[Opening Dataset excerpts section]

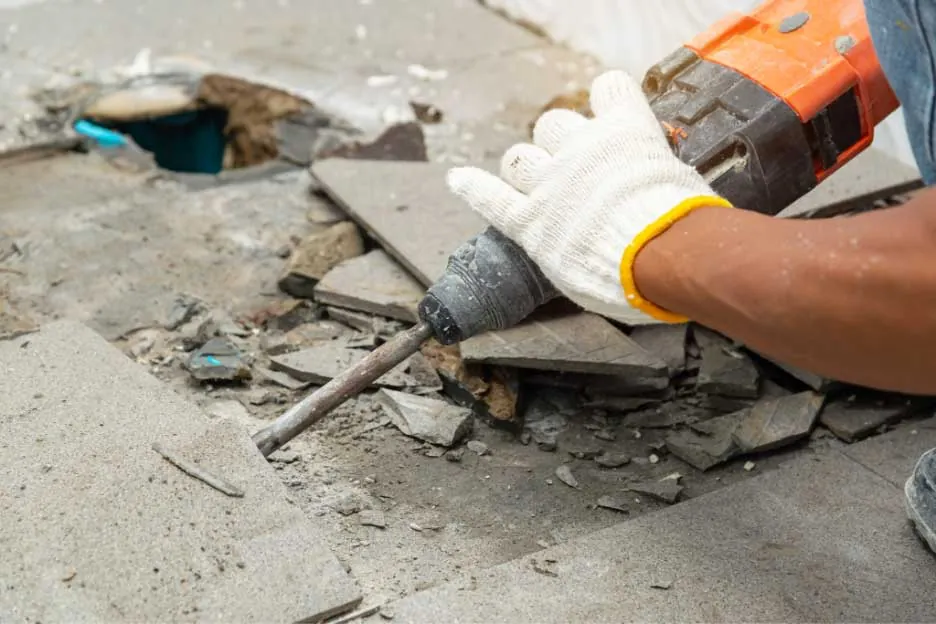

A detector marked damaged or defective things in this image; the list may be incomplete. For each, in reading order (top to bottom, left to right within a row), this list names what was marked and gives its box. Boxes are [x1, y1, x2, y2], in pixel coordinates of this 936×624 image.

broken floor tile [276, 221, 364, 298]
broken floor tile [316, 249, 426, 322]
stack of broken tile [264, 156, 928, 468]
broken floor tile [186, 338, 250, 382]
broken floor tile [266, 346, 436, 390]
broken floor tile [458, 310, 664, 378]
broken floor tile [628, 324, 688, 378]
broken floor tile [696, 326, 760, 400]
broken floor tile [376, 388, 472, 446]
broken floor tile [664, 412, 744, 470]
broken floor tile [732, 390, 828, 454]
broken floor tile [820, 394, 928, 444]
broken floor tile [624, 480, 684, 504]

[Closing Dataset excerpts section]

What needs to be done: Omit each image and transcribe the remaining records word for word.

Output for this exercise:
A detector marked damaged or defective things in this image; the list may be incomplete. For each, in reading order (top to bottom, left to right within a row), this list names what was marked and gives its box. Boxes are [x1, y1, x2, y2], in pixel coordinates of this 936×624 image.

broken floor tile [276, 221, 364, 298]
broken floor tile [316, 249, 426, 322]
stack of broken tile [264, 156, 928, 468]
broken floor tile [186, 338, 250, 382]
broken floor tile [266, 346, 436, 390]
broken floor tile [458, 310, 664, 378]
broken floor tile [628, 324, 688, 378]
broken floor tile [696, 326, 760, 400]
broken floor tile [376, 388, 472, 446]
broken floor tile [664, 412, 744, 470]
broken floor tile [732, 390, 828, 454]
broken floor tile [820, 394, 928, 444]
broken floor tile [624, 480, 684, 504]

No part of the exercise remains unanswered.